Supplied data
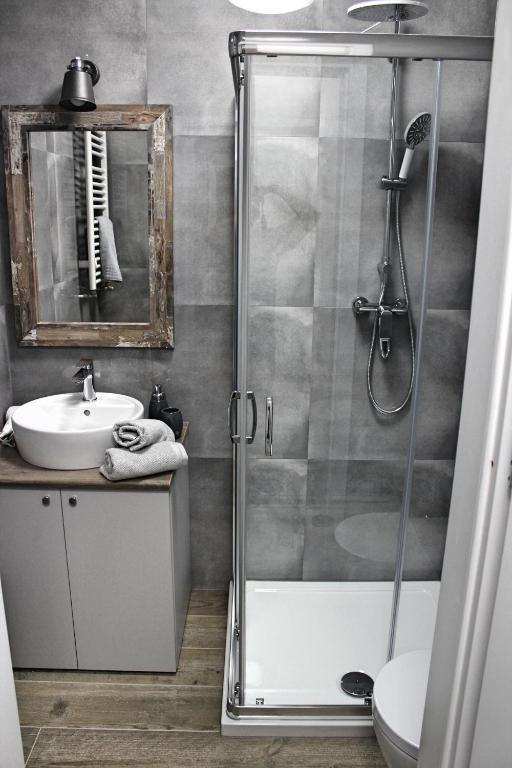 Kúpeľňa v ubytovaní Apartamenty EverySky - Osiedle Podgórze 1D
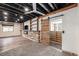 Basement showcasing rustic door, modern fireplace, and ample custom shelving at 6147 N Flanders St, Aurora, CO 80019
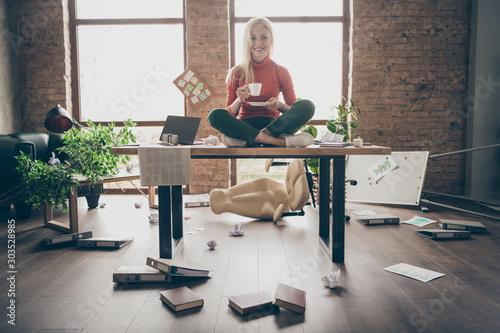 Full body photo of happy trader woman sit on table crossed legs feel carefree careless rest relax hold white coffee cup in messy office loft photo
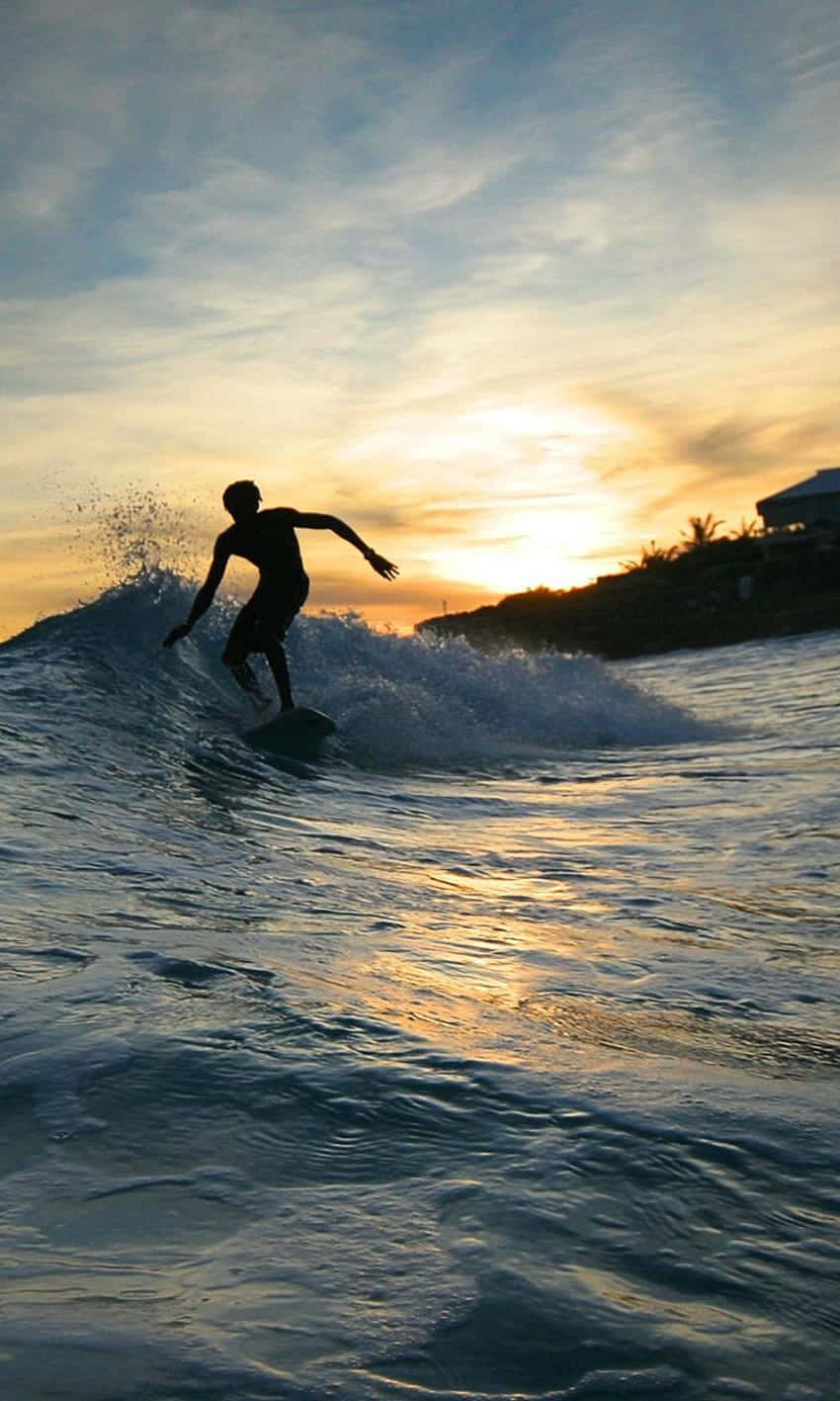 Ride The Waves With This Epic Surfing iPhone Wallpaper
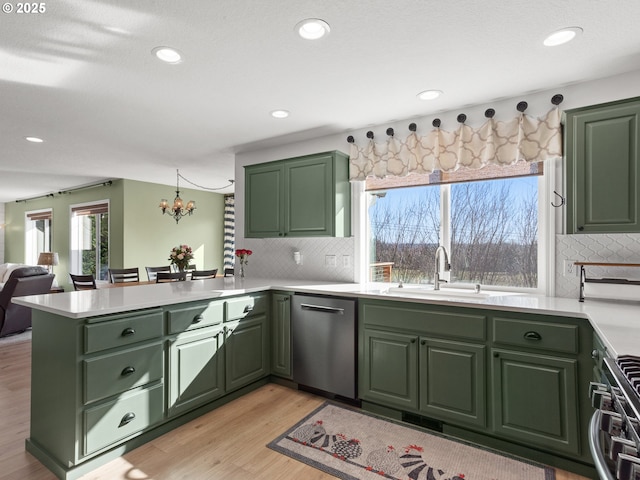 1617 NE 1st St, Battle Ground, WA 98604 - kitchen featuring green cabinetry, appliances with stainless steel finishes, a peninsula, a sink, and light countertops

* * *

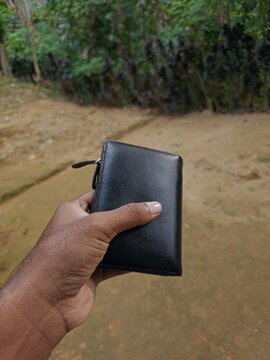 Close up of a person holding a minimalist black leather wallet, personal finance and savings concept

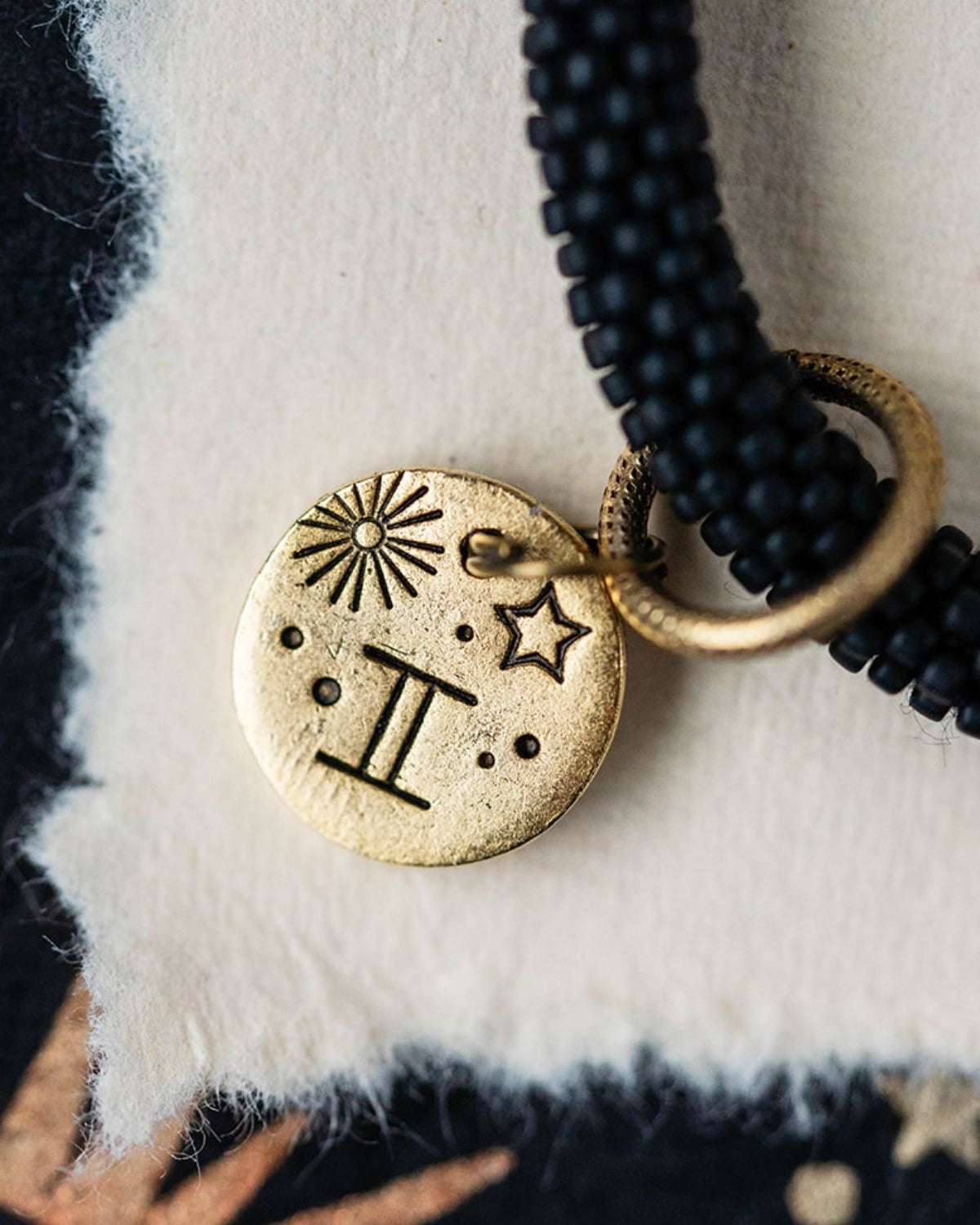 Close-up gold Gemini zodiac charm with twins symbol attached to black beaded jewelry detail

Activity
Everything above from the line with "Basement showcasing rustic" through the line with "1617 NE 1st" should be retyped exactly, and nothing else; omit pictures.

Solved exercise
 Basement showcasing rustic door, modern fireplace, and ample custom shelving at 6147 N Flanders St, Aurora, CO 80019
 Full body photo of happy trader woman sit on table crossed legs feel carefree careless rest relax hold white coffee cup in messy office loft photo
 Ride The Waves With This Epic Surfing iPhone Wallpaper
 1617 NE 1st St, Battle Ground, WA 98604 - kitchen featuring green cabinetry, appliances with stainless steel finishes, a peninsula, a sink, and light countertops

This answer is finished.